ASSIGNMENT: Repeat the data exactly, please; no pictures belong in the copy.
━━━━━━━━━━━━━━━━
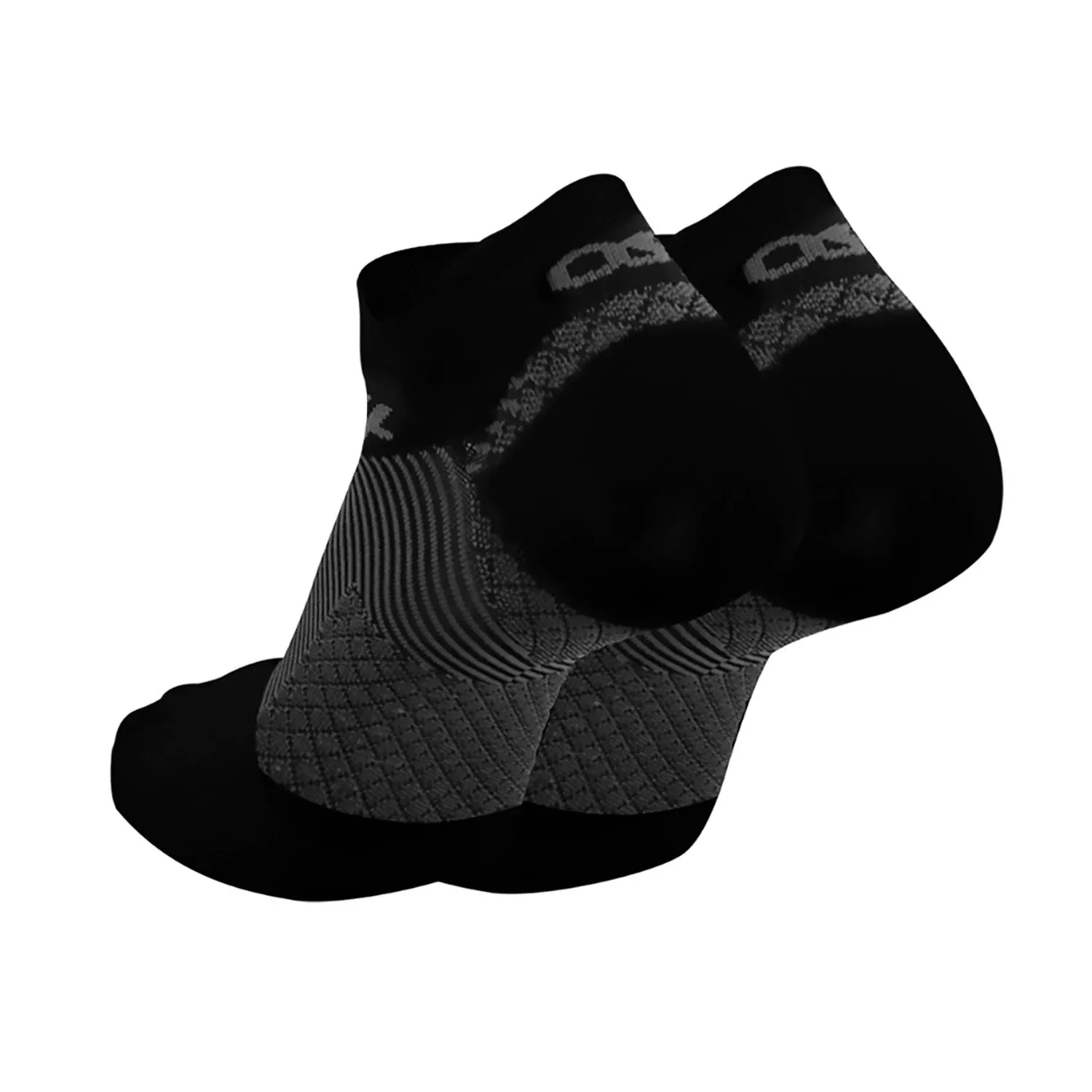 OS1st FS4 Plantar FascIItis Compression No Show Socks Black Unisex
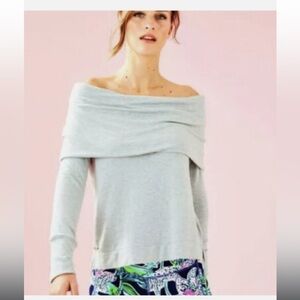 Lilly Pulitzer Belinda Off The Shoulder Gray Pullover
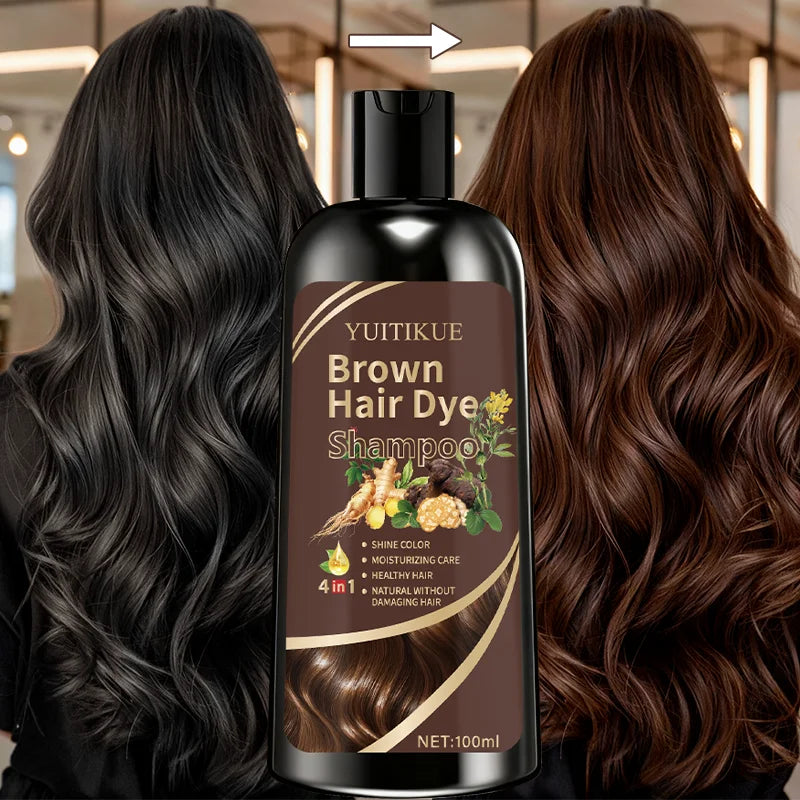 YUITIKUE Brown Hair Color Shampoo 100ml – 4-in-1 Plant Formula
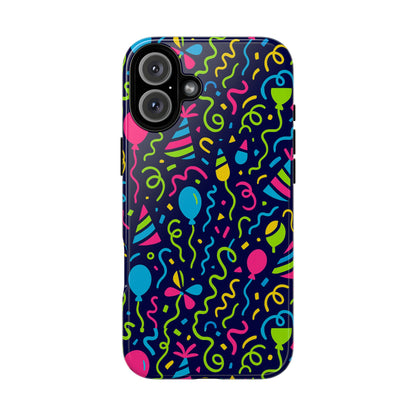 Vibrant 3D Wrap Protective Phone Case with Multicolour Party Design for Playful Smartphone Accessories Compatible with iPhone 13, 14, 15 & 16 – all models including Pro, Pro Max & Plus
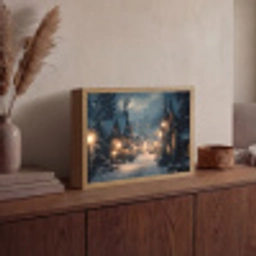 Winterdorp - Sneeuw - Donker Light Box met batterij (Wandlamp) middel -sfeer2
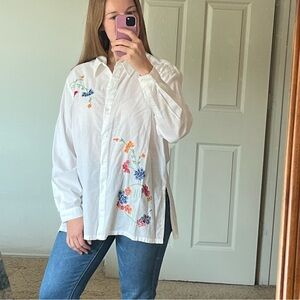 VINTAGE White Embroidery Button Up Top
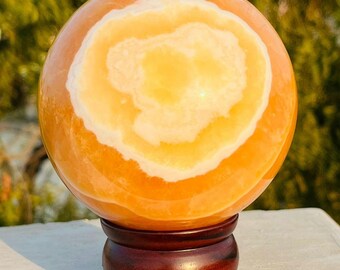 Unique Large 101 mm Yellow  Zebra Calcite Sphere | Metaphysical Crystal Healing Energy | Oblesik| Meditation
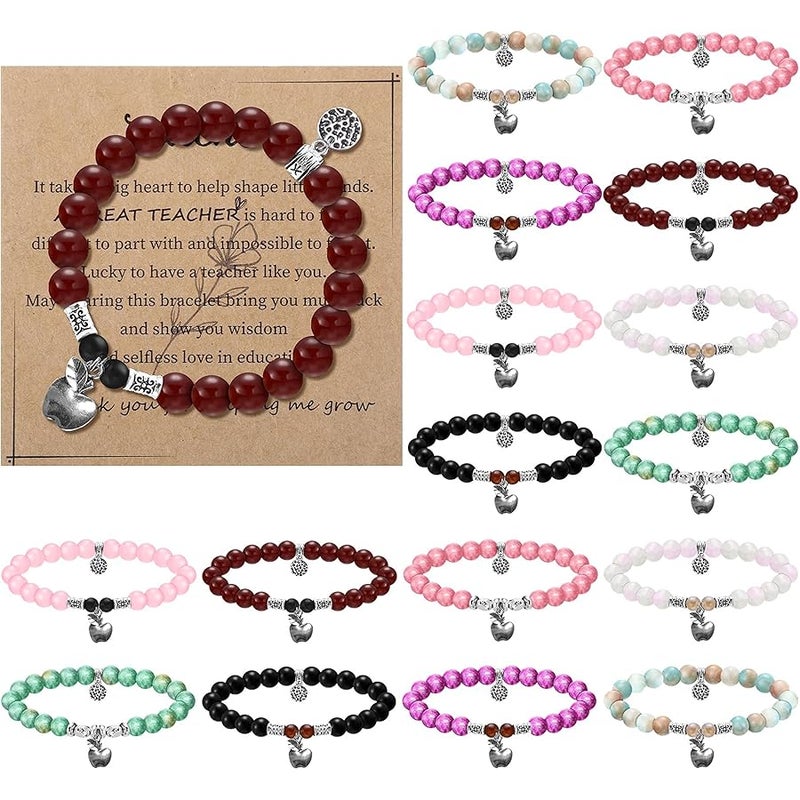 Remuuly 16 Pcs Teacher Valentine Gift, Teacher Appreciation Gifts Teacher Bracelet Gifts Valentines Day Gift Back to School Gifts with Gift Card - Image 1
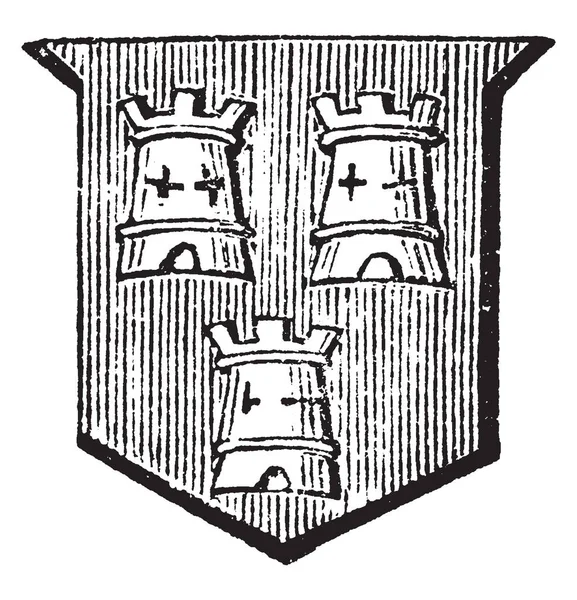 Башни Боевые Имеют Три Башни Винтажные Линии Рисунок Гравировка Иллюстрации — стоковый вектор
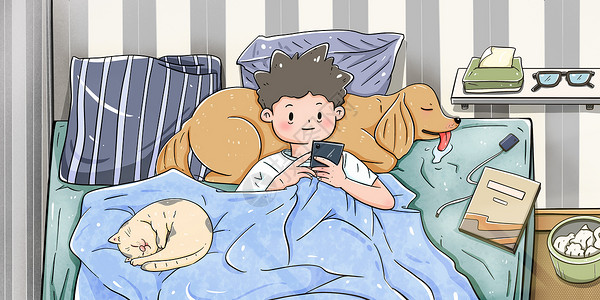宠物床猫狗双全的单身青年日常躺床上插画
━━━━━━━━━━━━━━━━
OUTPUT BELOW:
 OS1st FS4 Plantar FascIItis Compression No Show Socks Black Unisex
 Lilly Pulitzer Belinda Off The Shoulder Gray Pullover
 YUITIKUE Brown Hair Color Shampoo 100ml – 4-in-1 Plant Formula
 Vibrant 3D Wrap Protective Phone Case with Multicolour Party Design for Playful Smartphone Accessories Compatible with iPhone 13, 14, 15 & 16 – all models including Pro, Pro Max & Plus
 Winterdorp - Sneeuw - Donker Light Box met batterij (Wandlamp) middel -sfeer2
 VINTAGE White Embroidery Button Up Top
 Unique Large 101 mm Yellow  Zebra Calcite Sphere | Metaphysical Crystal Healing Energy | Oblesik| Meditation
 Remuuly 16 Pcs Teacher Valentine Gift, Teacher Appreciation Gifts Teacher Bracelet Gifts Valentines Day Gift Back to School Gifts with Gift Card - Image 1
 Башни Боевые Имеют Три Башни Винтажные Линии Рисунок Гравировка Иллюстрации — стоковый вектор
宠物床猫狗双全的单身青年日常躺床上插画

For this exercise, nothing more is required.